Thank you for your patience in following my progress even when there were no pictures to show you what I meant. It feels so good to be working on this bigger quilt. Finally, I can make something that my family can actually sleep under! (And I can finally finish that pile of tops into something that I can use!)

Sunday, January 17, 2010

Getting Started

Today I started quilting my Christmas quilt. I'm following the design on the panels and then doing a swirly sort of pattern in the "logs" around the panel. So far, I'm pretty satisfied with the outcome. Some of my swirlys are "interesting", and the biggest problem is working in the 3 inch space. It's not like doing an allover pattern which might be easier.

I have been avidly studying quilting patterns everywhere, shop samples, magazines, blog galleries. It's funny, though. I sit down at the machine and I can't think of a single pattern to quilt with. It's "quilter's block". Punny, I know. Leah Day, my quilting guru, keeps a notebook with drawn patterns and samples together. That sounds like a good idea, but it'll take me a year to get it together. Maybe that should be my "Pretty-close-to-the-New-Year resolution" for this year.

So, obviously, all this talk about quilting patterns and projects would be better supported with beautiful pictures, I know. I'll try to get something together tomorrow.

It's nice to have finally started a project. It's the beginning of a new phase in my quilting life.

Wednesday, January 6, 2010

Confidence and Creativity

So, tell me if this ever happens to you: you're working on a project, but you come up to a point where you have a challenge. It might be that you don't have enough fabric, or nothing from your stash seems just right. It might be a part of the process that is harder (or dare I say, scarier) than the rest.

I get hung up on borders. I can think of at least 2 quilt tops that are just waiting for borders in order to be complete. One project was a big bright Yellow Brick Road that I did with batiks. It took me a long time to decide what would work best. I started putting the border together with scraps from the blocks.
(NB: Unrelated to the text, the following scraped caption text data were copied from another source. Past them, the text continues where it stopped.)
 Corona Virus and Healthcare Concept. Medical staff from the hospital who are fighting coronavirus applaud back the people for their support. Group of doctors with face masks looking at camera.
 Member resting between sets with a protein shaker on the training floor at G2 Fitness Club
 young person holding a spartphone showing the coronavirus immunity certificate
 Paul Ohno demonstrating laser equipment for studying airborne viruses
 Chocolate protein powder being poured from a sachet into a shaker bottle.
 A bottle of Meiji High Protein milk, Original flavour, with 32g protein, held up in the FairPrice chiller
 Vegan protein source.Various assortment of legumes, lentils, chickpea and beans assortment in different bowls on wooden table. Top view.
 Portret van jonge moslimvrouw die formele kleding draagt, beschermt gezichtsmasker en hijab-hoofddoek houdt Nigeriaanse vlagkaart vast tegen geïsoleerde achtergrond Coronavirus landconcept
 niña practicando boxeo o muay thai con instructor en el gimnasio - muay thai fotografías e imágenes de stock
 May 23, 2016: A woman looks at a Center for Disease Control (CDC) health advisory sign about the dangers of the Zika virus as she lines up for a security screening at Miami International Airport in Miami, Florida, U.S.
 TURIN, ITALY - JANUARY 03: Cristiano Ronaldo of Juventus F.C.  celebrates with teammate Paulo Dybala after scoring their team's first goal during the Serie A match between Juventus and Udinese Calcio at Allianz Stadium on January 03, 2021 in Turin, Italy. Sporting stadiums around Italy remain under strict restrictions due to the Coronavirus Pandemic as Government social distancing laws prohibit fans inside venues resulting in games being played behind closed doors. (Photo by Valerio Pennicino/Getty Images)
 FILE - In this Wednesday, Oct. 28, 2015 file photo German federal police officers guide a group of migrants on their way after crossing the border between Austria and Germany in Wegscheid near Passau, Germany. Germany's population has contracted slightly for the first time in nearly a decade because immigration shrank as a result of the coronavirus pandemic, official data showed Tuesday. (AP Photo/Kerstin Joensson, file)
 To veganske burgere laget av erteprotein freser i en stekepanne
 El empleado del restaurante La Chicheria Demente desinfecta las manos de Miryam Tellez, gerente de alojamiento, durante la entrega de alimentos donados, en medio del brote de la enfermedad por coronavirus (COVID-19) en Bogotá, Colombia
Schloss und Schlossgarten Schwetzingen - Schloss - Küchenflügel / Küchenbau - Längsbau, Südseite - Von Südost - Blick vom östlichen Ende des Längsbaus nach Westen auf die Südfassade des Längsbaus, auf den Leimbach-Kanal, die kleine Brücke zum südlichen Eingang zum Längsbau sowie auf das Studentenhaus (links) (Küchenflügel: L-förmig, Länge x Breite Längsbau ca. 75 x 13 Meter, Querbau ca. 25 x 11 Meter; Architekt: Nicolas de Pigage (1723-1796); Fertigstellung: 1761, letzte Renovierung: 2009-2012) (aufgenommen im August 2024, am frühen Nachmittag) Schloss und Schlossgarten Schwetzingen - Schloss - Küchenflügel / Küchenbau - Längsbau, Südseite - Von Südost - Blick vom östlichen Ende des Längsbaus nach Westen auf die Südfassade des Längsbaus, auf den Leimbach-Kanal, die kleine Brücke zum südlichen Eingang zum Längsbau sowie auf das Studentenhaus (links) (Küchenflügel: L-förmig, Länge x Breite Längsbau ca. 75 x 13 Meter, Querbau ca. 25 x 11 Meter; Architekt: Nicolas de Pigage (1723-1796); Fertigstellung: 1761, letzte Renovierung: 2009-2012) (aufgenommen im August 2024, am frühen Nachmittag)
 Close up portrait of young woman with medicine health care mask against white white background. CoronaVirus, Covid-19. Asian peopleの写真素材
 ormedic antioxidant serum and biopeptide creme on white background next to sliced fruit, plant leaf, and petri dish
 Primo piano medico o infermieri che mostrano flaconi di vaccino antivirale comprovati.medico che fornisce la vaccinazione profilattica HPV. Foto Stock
Then I misplaced them. And the quilt remains unfinished.

Or I have tops that are finished but I don't have the backs ready. I was going to take one of my favorite tops to a friend who is a longarm quilter, but I never got the whole thing together and there the top sits, waiting to become my masterpiece. Except at this rate, I'll never make that masterpiece in this lifetime.

Then I get afraid of doing the right thing with the quilting. I have been closely watching all you prolific quilters out in blogland. You just dive in and see how it turns out. That just puts me into a panic.

But I am getting better. I took a machine quilting class and I have, of course, been following Leah Day's blog and I have actually worked on a stack of samples. I have been pleasantly surprised that I can produce a usable product. I have learned so much in the last 6 months.

So, last week, I took a long skinny table runner that I originally pieced as a practice quilting project. And in no time at all, I find myself done and binding it. I even kind of cheated. Sometimes I just like to bring my backing fabric around to the front to bind things if they're not something that will get heavy use. But this made the project easier, because I couldn't find a satisfactory binding in my stash. And it would be sitting in a drawer waiting for the perfect binding.

So, I have made a plan. I started a Christmas quilt not very long ago. I got busy with the holidays, so I didn't get the top all put together. But this week, I got the final border on. Yeah! I have got some fabrics to piece together for the back. I'm going to work on that tonight.

I am determined to get that quilt done by the end of the month. I'm putting my personal challenge out in the open for you all to see. I am dying to do the FMQ techniques I've been working on.

So, here goes. I'm diving right in. Watch what happens.